Overall the Iraqi banking system is far smaller than in other countries around the region. Total banking assets are worth about 77 per cent of GDP, compared with a regional average of 130 per cent, and total credit is about 29 per cent of GDP, against 55 per cent for the region as a whole. Excluding all the loans to state-owned enterprises, the amount of credit to the private sector is just 15 per cent of GDP.
“Developing a stronger financial sector will require moving away from the current model in which weak state-owned lenders dominate the sector and enjoy favourable treatment compared with private banks,” said Sdralevich. “A solid banking system that can support growth and employment will require the full financial and operational restructuring of state-owned banks and creating a level playing field for both private and public banks.”
An overhaul of the banking sector could in turn help boost the non-oil economy, which is needed if the country is to have any chance of tackling unemployment. Officially, joblessness was estimated at 11 per cent in 2011, although the actual level is probably far higher, particularly among young Iraqis. The IMF estimates that 2.1 million more people will join the labour force between 2013 and 2018, but jobs growth is running at just 1 per cent a year, which is nowhere near enough.

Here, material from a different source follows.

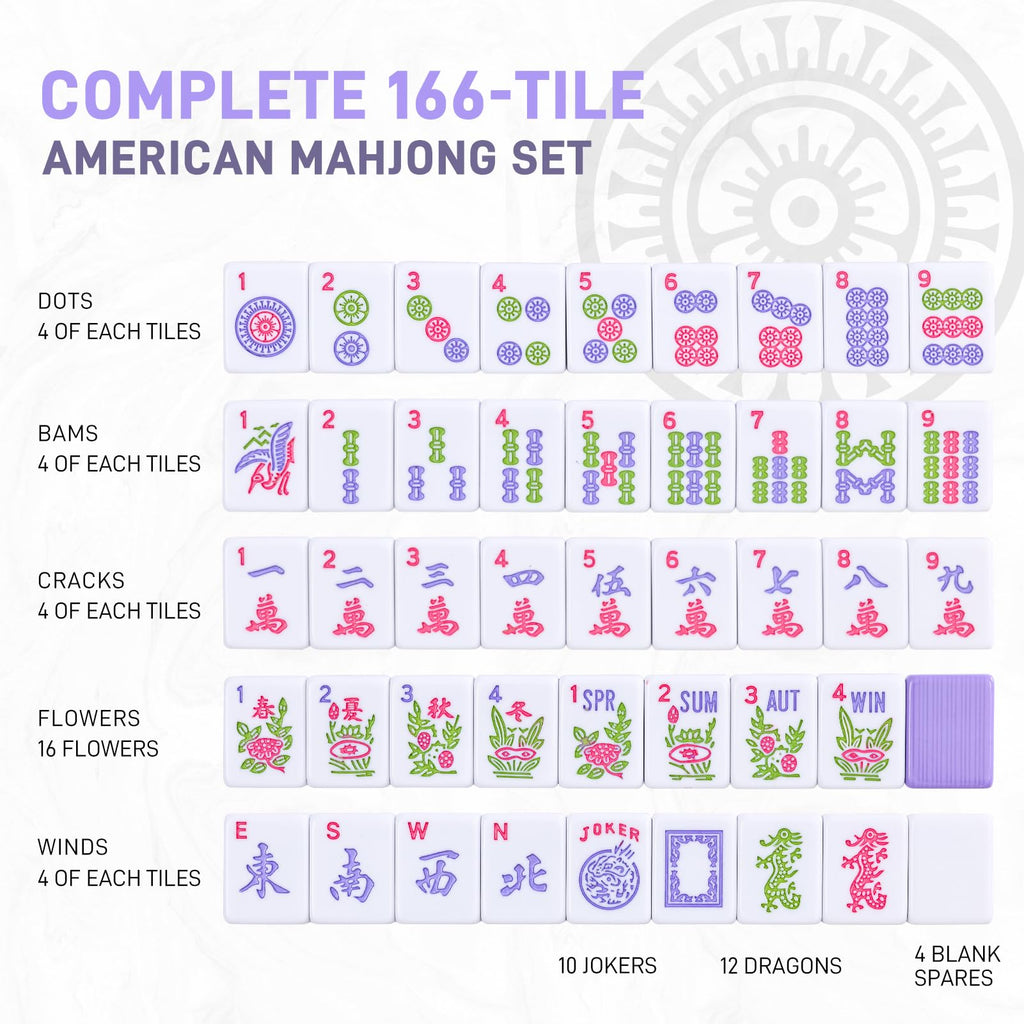 Purple 166 Tile Mahjong Set with Racks and Bag I2358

As with other oil-rich Gulf states, the government is the most important employer. About 40 per cent of the existing workforce is in the state sector and it accounts for half of all new jobs created. The government was forecast to hire about 150,000 of the 300,000 entrants to the jobs market in 2013, with 130,000 taking up jobs in the private sector and the rest left looking for employment. State-sector jobs often involve relatively high salaries and low levels of work, and this situation is no more sustainable in Iraq than it is anywhere else.
Perhaps more than anything, Iraq also needs to come to a consensus on how power and revenues should be shared between Baghdad and the regions, particularly the Kurdistan Regional Government in the north. A viable solution to this ongoing debate should help create an environment in which the economy can prosper, but it remains up in the air for now.
At least some observers are optimistic that the country will stay intact. “I don’t think Kurdistan will choose independence any time soon, [but] it will always be on the table,” says Ranj Alaaldin, a doctoral researcher at the London School of Economics and Political Science, and visiting scholar at Columbia University in the US. However, he adds, “sectarianism is the most influential and significant of Iraq’s problems”.
As a result, the country’s future remains in the balance. As the oil and gas sector gradually improves, albeit fitfully, the domestic political scene also needs to improve and mature. If not, Iraq could become yet another example of a country where high oil revenues simply lead to a lot of money being wasted.